Já o governo Lula permitiu plena liberdade à Polícia Federal. O resultado foi a Operação Cessação, que implodiu o esquema. O que poderia ser o maior feito do governo Lula transformou-se na principal ameaça. Não se surpreenda se, nas próximas semanas, explodirem manifestações contra o governo.

O escândalo mostrou um amadorismo mortal, a começar da Casa Civil, mas passando por outros ministérios.

O governo Lula depende de uma coalizão coalhada de políticos suspeitos. Se o loteamento é inevitável, o caminho lógico seria mapear as áreas mais sensíveis e montar um acompanhamento permanente.

Na era da digitalização, caberia à Casa Civil ou ao Ministério do Planejamento e Gestão a criação de indicadores de monitoramento de todos os organismos geradores de despesa ou receita.

Mas o problema maior é a falta de familiaridade da Casa Civil com temas políticos nacionais. Fosse um Ministro experiente, desde o início faria questão de se informar de todas as operações sensíveis da Polícia Federal. E providenciaria para que o anúncio da operação fosse feito pelo próprio Presidente da República.

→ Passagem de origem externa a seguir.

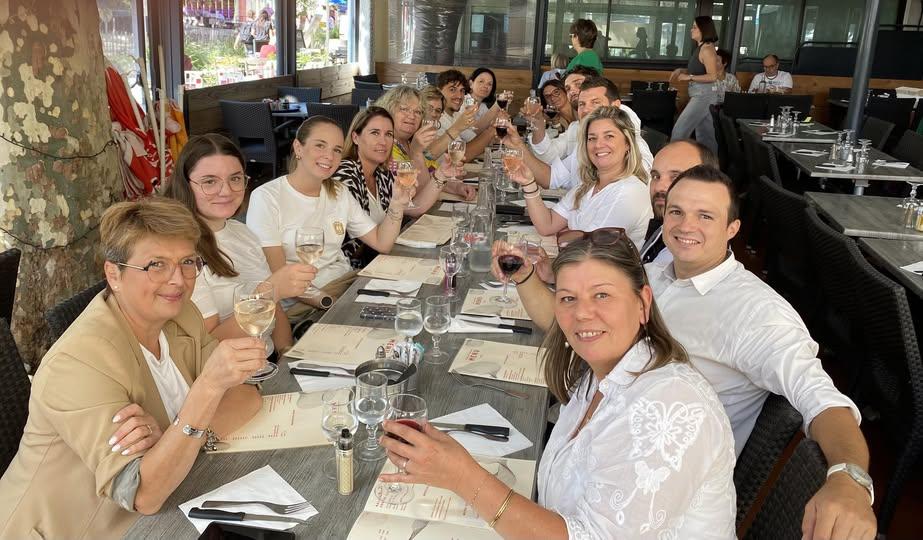 Repas d'équipe à L'atomique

Um escândalo capaz de decidir as próximas eleições foi deixado ao léu.

Peça 2 – o fator gestão

A maneira de contrabalançar esse escândalo, seria o governo anunciar um choque de gestão real, concreto, tanto da Previdência quanto nos outros braços do Estado.

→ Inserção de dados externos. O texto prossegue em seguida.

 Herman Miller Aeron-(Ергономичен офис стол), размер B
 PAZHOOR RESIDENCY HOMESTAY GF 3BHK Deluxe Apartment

  1. Trariam Nelson Machado, conversariam com o Movimento Brasil Competitivo, envolveriam a ENAP (Escola Nacional de Administração Pública), a plataforma SISP (Sistema de Informações dos Recursos de Tecnologia da Informação), montariam um conselho de gestão com instituições do setor privado e dos movimentos, e apresentariam um choque de gestão. Revisariam processos, envolveriam as agências do INSS em competição para a redução de prazos, premiaram as melhores, instituíram normas de compliance. Tudo tendo como principal objetivo o segurado.
  2. O Ministério da Gestão criaria um Conselho de Gestão pela qualidade, para espalhar o conceito por todos os órgãos públicos.
  3. O Ministério de Orçamento e Planejamento revigoraria sua área de análise de eficiência, com foco na qualidade da entrega de serviços.
  4. O próprio Presidente da República empunharia a bandeira da gestão.

O pior que poderia acontecer seria o governo se contentar com uma troca burocrática de Ministro.

Peça 3 – o mal estar geral

Não se espante, portanto, com a sensação geral de mal-estar.

Em São Paulo, por onde se anda vê-se a construção de enormes espigões de escritório e residência. Há muito tempo não via tanta construção no centro expandido. No último feriado, as estradas coalharam de veículos, em todas as direções, Fernão Dias, Bandeirantes, Dutra, as estradas para o litoral. 

Ou seja, os sinais de melhora da economia são nítidos. Mas as pesquisas mostram desalento. Reclamam da alta de preços, que a vida está ruim. Nem se pense que haja dedo da conspiração das pesquisas, embora tenha certeza de que há na mídia. O sentimento de desalento é perceptível. Como é possível esse desacoplamento entre realidade e expectativas?

Primeiro, pelo fato de que não há nenhuma expectativa em relação ao futuro. Em relação à macroeconomia, o único fator de otimismo é que a Selic, que já está em indecentes 14,25% provavelmente não irá a 14,75% na próxima reunião do Copom, mas para 14,50%. Ufa!

O desalento do setor produtivo tem correspondência no campo beneficiado, o mercado. O primeiro, porque paga a conta. O segundo, porque o pessimismo é sua principal arma de dominação da política econômica. E a mídia referenda. Então, todo dia tome editorial contra a gastança, contra o aumento da dívida pública – cujo principal fator é a taxa de juros. E se escondam todos os fatos positivos.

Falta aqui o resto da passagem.